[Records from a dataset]
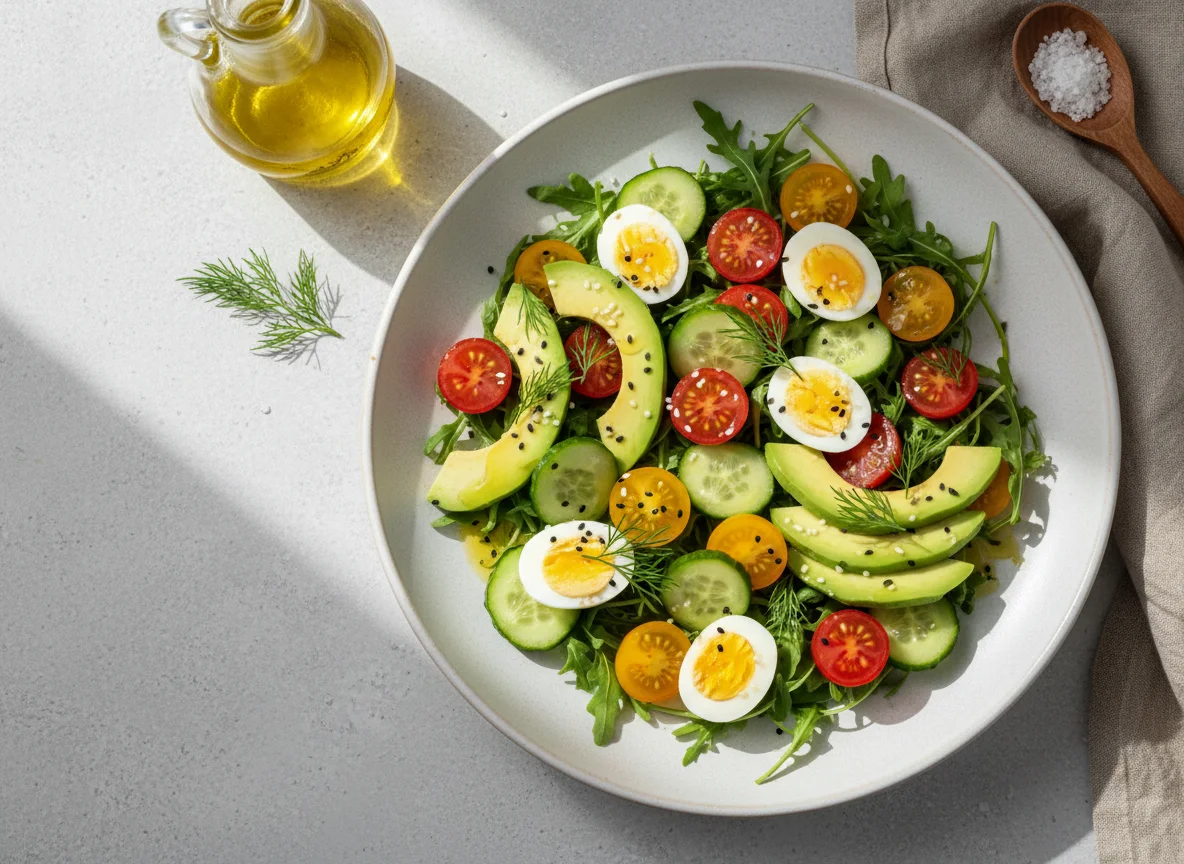 Салат с авокадо, яйцом и овощами photo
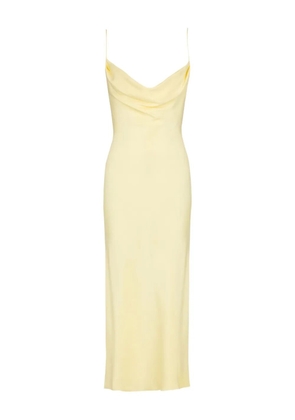 Balmain cowl-neck satin dress - Yellow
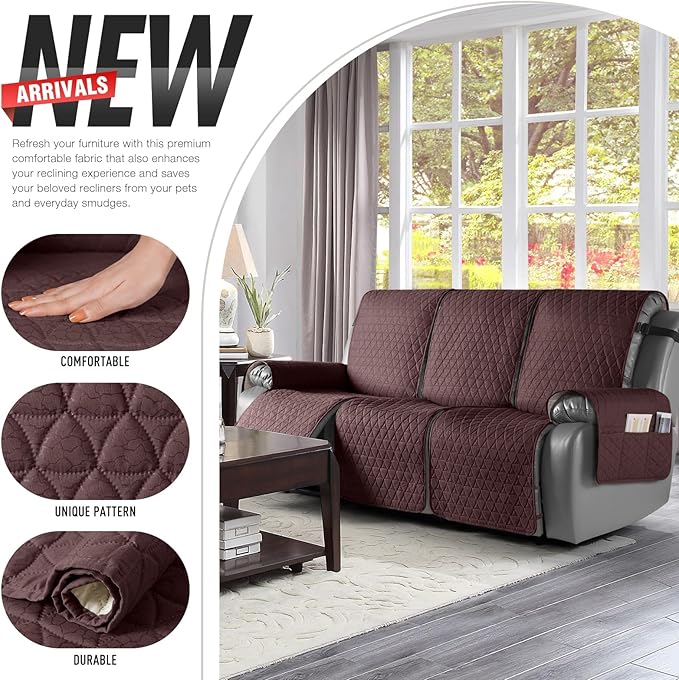 TAOCOCO 100% Waterproof Recliner Sofa Cover-Non Slip Split Couch Covers for Reclining Couches with Elastic Straps,Couch Covers for 3 Cushion Couch Sofa Pet Friendly(Coffee, 3 Seater)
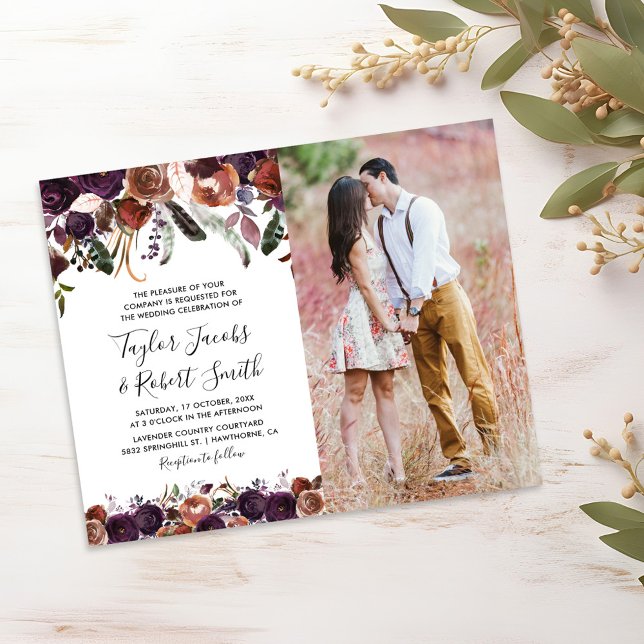 Budget Rustic Plum Floral Photo Wedding Invitation (Creator Uploaded)
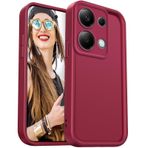 DESSEN Xiaomi Redmi Note 13 Pro 4G / Poco M6 Pro 4G için Kılıf - Esnek Silikon Kapak Kamera Koruması Darbeye Dayanıklı Telefon Kılıfı Yumuşak Hafif TPU Tampon Kabuk, Şarap Kırmızısı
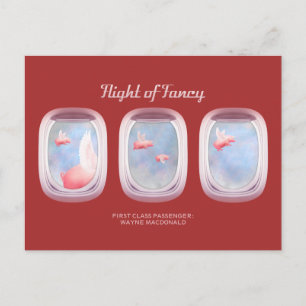 Pigs Flying Past Airplane Window-Personalized Postcard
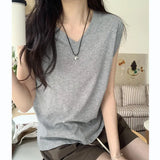 New Side Pleated Leisure Vest For Women In Spring And Summer-Outfit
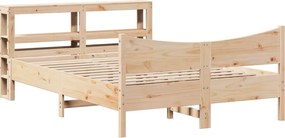 vidaXL Πλαίσιο Κρεβατιού με Κεφαλάρι 140 x 190 εκ. Μασίφ Πεύκο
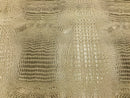 Faux Crocodile Print Vinyl Fabric - Gold / Peach - High Quality Vinyl Sold by The Yard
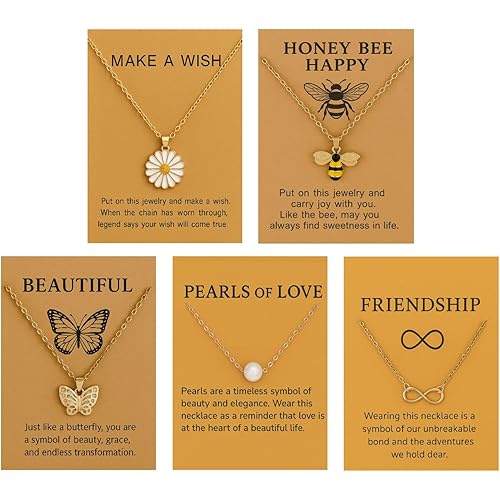 SUPER SOFTENER 5 Pcs Combo Pendant Necklace Set for Women Stylish Chains | Butterfly, Pearl, Daisy, Honey Bee & Infinity Jewellery Combo for Women Pendant Necklace Gifts for woman And Girls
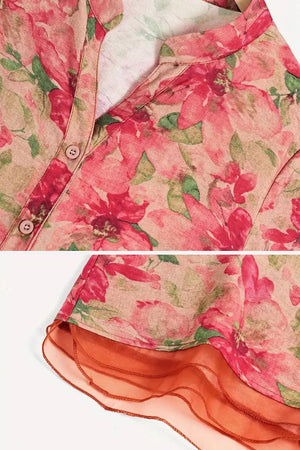 French Boutique Style organza blouse with elegant red floral print and delicate button detail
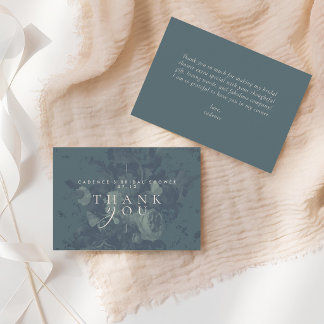 Vintage Teal Elegant Rustic Floral Bridal Shower Thank You Card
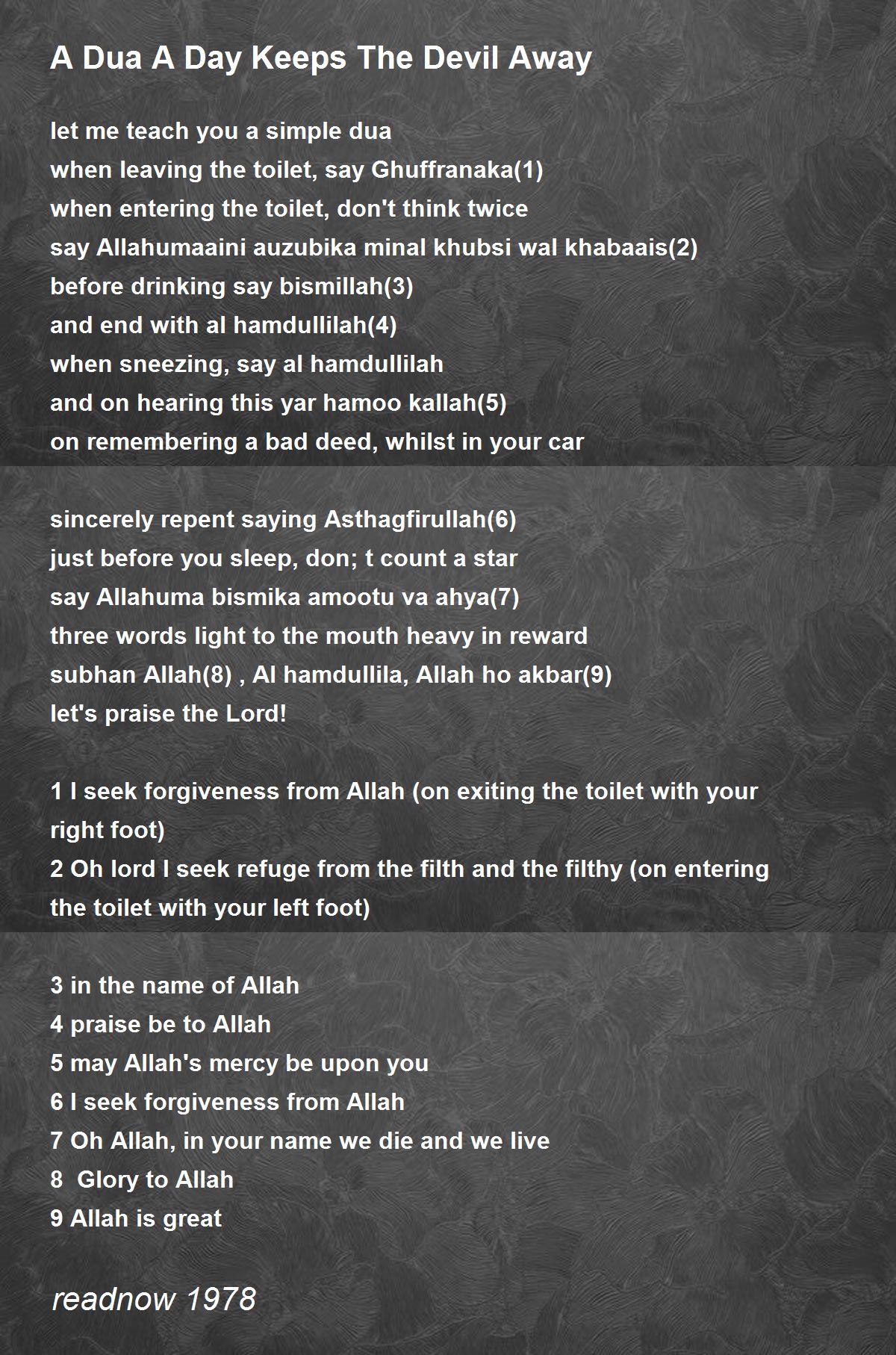 A Dua A Day Keeps The Devil Away By Readnow 1978 A Dua A Day Keeps The Devil Away Poem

* [REQUIRED ACTION]:
Above are the records. Copy exactly, and only, the lines from the line containing "TAOCOCO 100% Waterproof" through the last one, omitting any pictures.

* [TASK ANSWER]:
 TAOCOCO 100% Waterproof Recliner Sofa Cover-Non Slip Split Couch Covers for Reclining Couches with Elastic Straps,Couch Covers for 3 Cushion Couch Sofa Pet Friendly(Coffee, 3 Seater)
 Budget Rustic Plum Floral Photo Wedding Invitation (Creator Uploaded)
 DESSEN Xiaomi Redmi Note 13 Pro 4G / Poco M6 Pro 4G için Kılıf - Esnek Silikon Kapak Kamera Koruması Darbeye Dayanıklı Telefon Kılıfı Yumuşak Hafif TPU Tampon Kabuk, Şarap Kırmızısı
 Pigs Flying Past Airplane Window-Personalized Postcard
 New Side Pleated Leisure Vest For Women In Spring And Summer-Outfit
 vidaXL Πλαίσιο Κρεβατιού με Κεφαλάρι 140 x 190 εκ. Μασίφ Πεύκο
 Faux Crocodile Print Vinyl Fabric - Gold / Peach - High Quality Vinyl Sold by The Yard
 SUPER SOFTENER 5 Pcs Combo Pendant Necklace Set for Women Stylish Chains | Butterfly, Pearl, Daisy, Honey Bee & Infinity Jewellery Combo for Women Pendant Necklace Gifts for woman And Girls
 French Boutique Style organza blouse with elegant red floral print and delicate button detail
 Vintage Teal Elegant Rustic Floral Bridal Shower Thank You Card
 A Dua A Day Keeps The Devil Away By Readnow 1978 A Dua A Day Keeps The Devil Away Poem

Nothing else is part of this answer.